The 1950s

The 1950s

The 1950s

The 1950s

Synopsis

Have the 1950s been overly romanticized? Beneath the calm, conformist exterior, new ideas and attitudes were percolating. This was the decade of McCarthyism, Levittowns, and men in gray flannel suits, but the 1950s also saw bold architectural styles, the rise of paperback novels and the Beat writers, Cinema Scope and film noir, television variety shows, the Golden Age of the automobile, subliminal advertising, fast food, Frisbees, and silly putty. This volume presents a nuanced look at a surprisingly complex time in American popular culture.

Excerpt

A problem with dividing books arbitrarily into decades is that events do not always fall neatly into ten-year segments. A case in point would be the 1950s; in many ways that important decade commenced with the end of World War II and the return of hundreds of thousands of veterans to the United States. Similarly, it could be argued that the forties drew to a symbolic close with the cessation of hostilities in 1945.

But a series of books must have divisions, and so this volume focuses on those events that occurred in the period 1950-1959. Of necessity, reference will at times be made to movements and styles that arose during the 1940s but did not blossom until subsequent years. Some trends did not reach full fruition when they first appeared; much that began in the 1950s emerged as significant only in the 1960s and 1970s. Not everything can be neatly contained within a decade.

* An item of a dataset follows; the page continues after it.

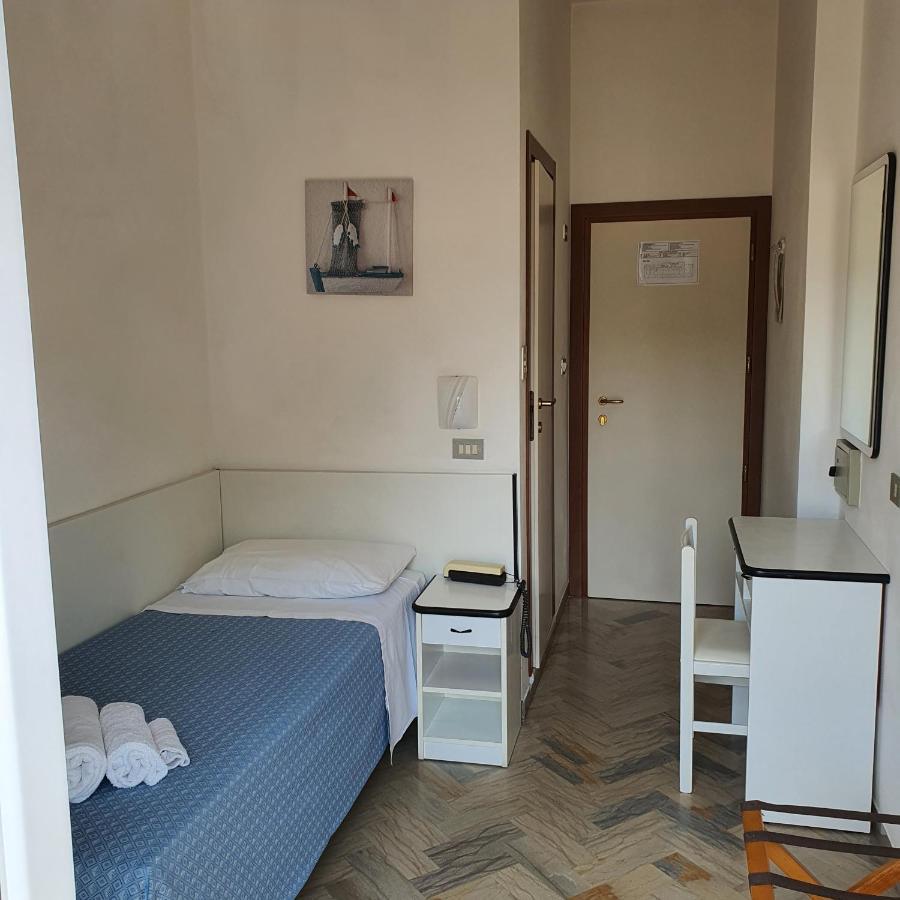 Hotel Tre Assi Rimini Buitenkant foto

As this volume makes clear, the 1950s witnessed a great expansion of mass and popular culture, especially through the vehicle of television. And yet, at the same time, the decade marked the acceleration of individualization within culture, the demassification of music, film, art, literature, and leisure in order to attract narrower, more specialized audiences. Choices expanded as formats splintered and sought new directions. The mass media disseminated information about all human endeavors at an ever-accelerating pace as records, tapes, radio, film, television, paperbacks, and advertising provided so much information that any traditional boundaries between low, middle, and high culture got blurred. Popular culture, its appetites insatiable, absorbed content from everything; to some critics, this constituted vulgarization, but to many others it simply meant popularization—democracy in action.